**The data:**

════

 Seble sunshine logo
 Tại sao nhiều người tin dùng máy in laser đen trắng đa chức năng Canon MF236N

════

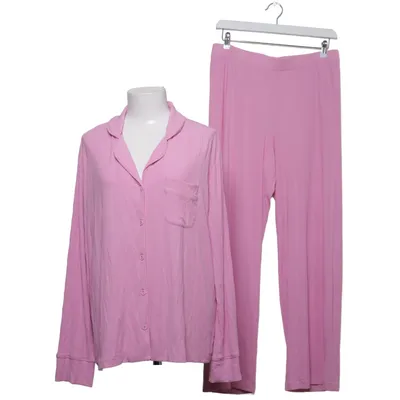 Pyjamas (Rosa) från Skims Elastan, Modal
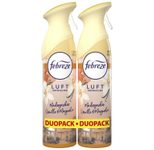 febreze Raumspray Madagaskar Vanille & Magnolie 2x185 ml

════

**Task to carry out:** In the listing above, find the line holding "Pyjamas (Rosa) från Skims Elastan, Modal" and the line holding "febreze Raumspray Madagaskar". Reproduce those two lines and all between them exactly, leaving out pictures.

**Answer section:**
 Pyjamas (Rosa) från Skims Elastan, Modal
 febreze Raumspray Madagaskar Vanille & Magnolie 2x185 ml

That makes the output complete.